PolyGuard-Qwen is a 7.6 billion parameter multilingual safety model developed by Priyanshu Kumar, Devansh Jain, Akhila Yerukola, Liwei Jiang, Himanshu Beniwal, Thomas Hartvigsen, and Maarten Sap. It is designed for safeguarding Large Language Model (LLM) generations across 17 languages, including Chinese, Czech, English, and Hindi. The model excels at classifying prompt harmfulness, response harmfulness, and response refusal, outperforming existing state-of-the-art safety classifiers by 5.5%. Its primary use case is as a robust, multilingual safety moderation tool for LLM interactions.
PolyGuard-Qwen: Multilingual Safety Moderation
PolyGuard-Qwen is a 7.6 billion parameter model developed to address the critical need for truly multilingual safety moderation in Large Language Models (LLMs). Unlike many existing solutions that focus on a limited set of languages, PolyGuard-Qwen supports 17 languages, including Chinese, Czech, English, and Hindi, significantly broadening the scope of safety capabilities.
Key Capabilities
- Multilingual Safety Classification: Trained on PolyGuardMix, the largest multilingual safety training corpus to date with 1.91 million samples across 17 languages.
- Comprehensive Harm Detection: Classifies interactions based on three criteria: prompt harmfulness, AI assistant response harmfulness, and AI assistant response refusal.

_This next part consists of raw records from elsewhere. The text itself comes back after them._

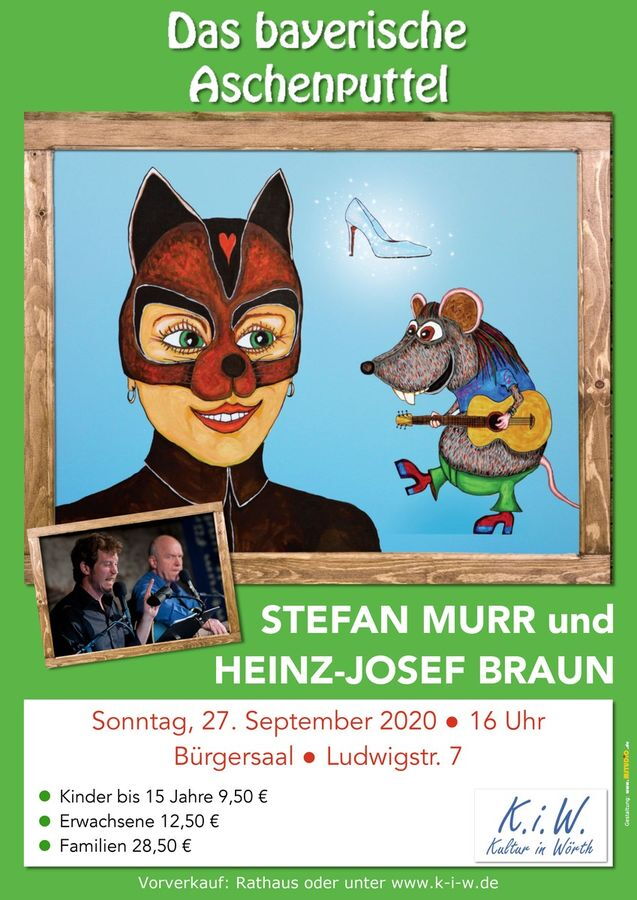 Druckvorlage Plakat Das bayerische Aschenputtel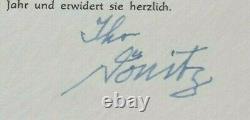 Karl Donitz German Naval Commander WW II Signed Autograph Note Card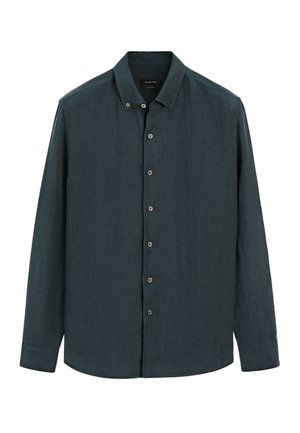 Massimo Dutti, Shirt - mottled dark blue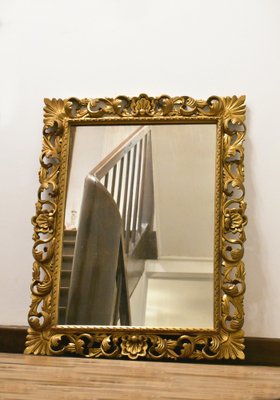 Large Florentine Giltwood Wall Mirror, 1930s-CTD-1752521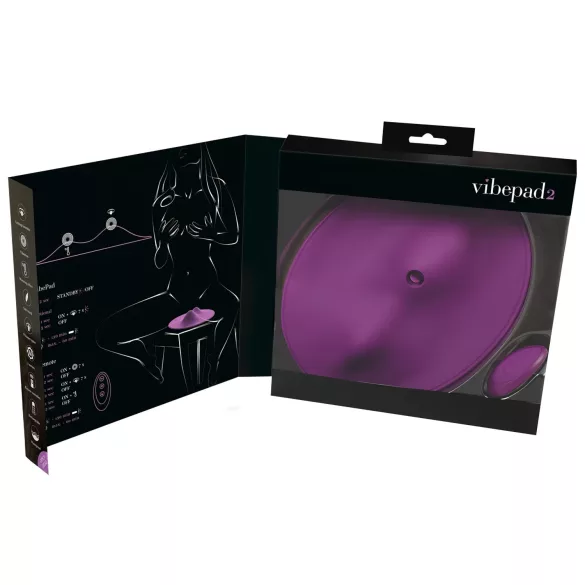 VibePad 2 - vibratore cuscino leccatore - silicone viola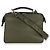 Borsa Mini Peekaboo ISeeU in pelle di vitello oliva Fendi Verde - vista 2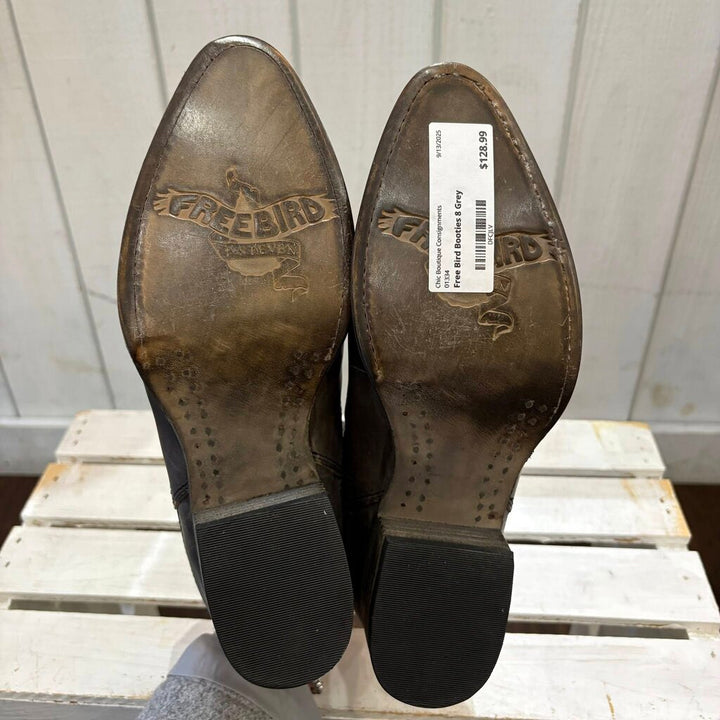 Free Bird Opal Leather Booties - Size 8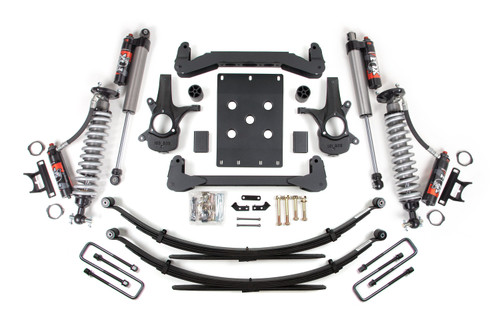 4 Inch Lift Kit | FOX Performance Elite Coilover | Chevy Silverado or GMC Sierra 1500 (07-13) 2WD | Leaf Springs / FOX 2.5 Performance Elite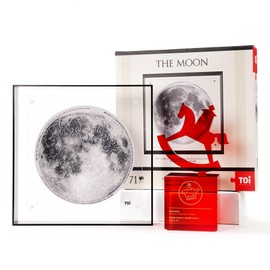 TOI Moon Acrylic Puzzle with Frame for Home Decoration, Clear Moon Glass Puzzle for Adults and Teens, Art Crystal Jigsaw Puzzle
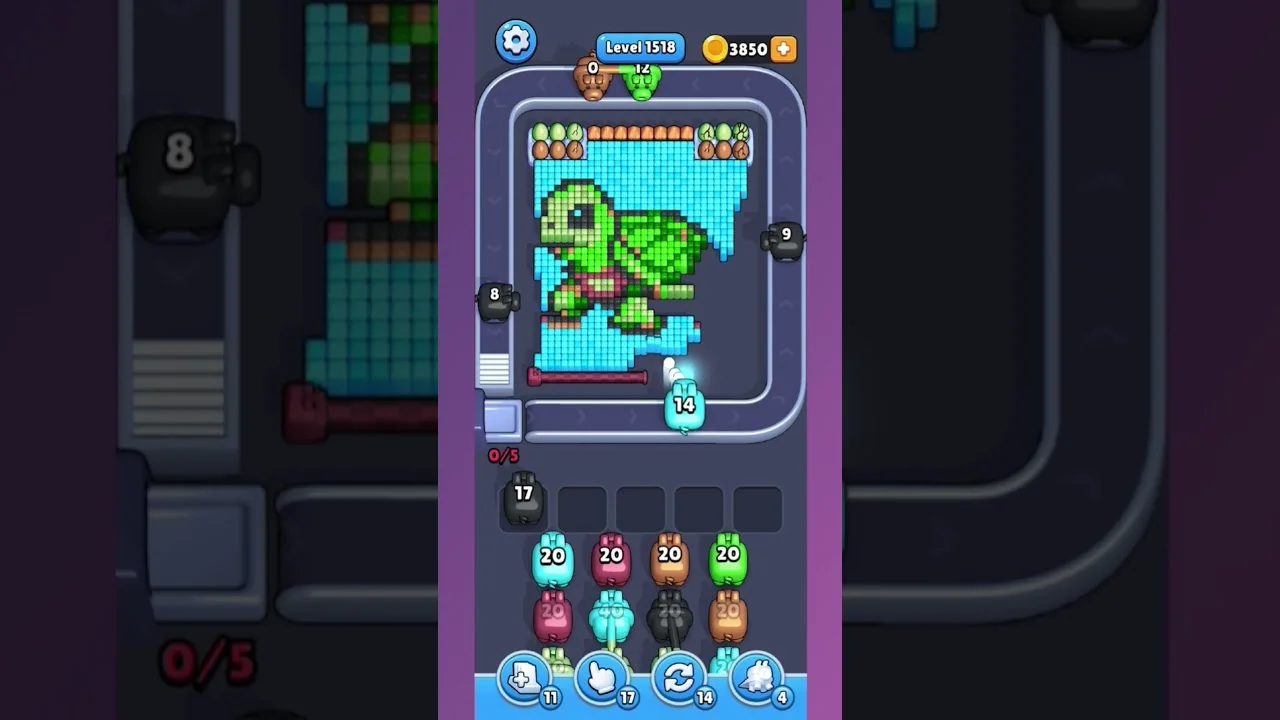 Pixel Flow Level 1518 Solution: Complete Walkthrough & Guide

- Policy Violation Identification: Identifies specific unsafe content categories (e.g., Violent Crimes, Hate, Self-Harm, Sexual Content) when an interaction is deemed unsafe.
- State-of-the-Art Performance: Outperforms existing open-weight and commercial safety classifiers by 5.5% on various safety and toxicity benchmarks.
- Robust Evaluation: Utilizes PolyGuardPrompts, a high-quality multilingual benchmark with 29,000 samples, for rigorous evaluation of safety guardrails.
Good For
- Developers and organizations requiring robust, multilingual safety guardrails for their LLM applications.
- Moderating user-LLM interactions across a diverse linguistic user base.
- Identifying and categorizing harmful content and refusals in LLM outputs.
- Enhancing the safety and trustworthiness of LLMs in global deployments.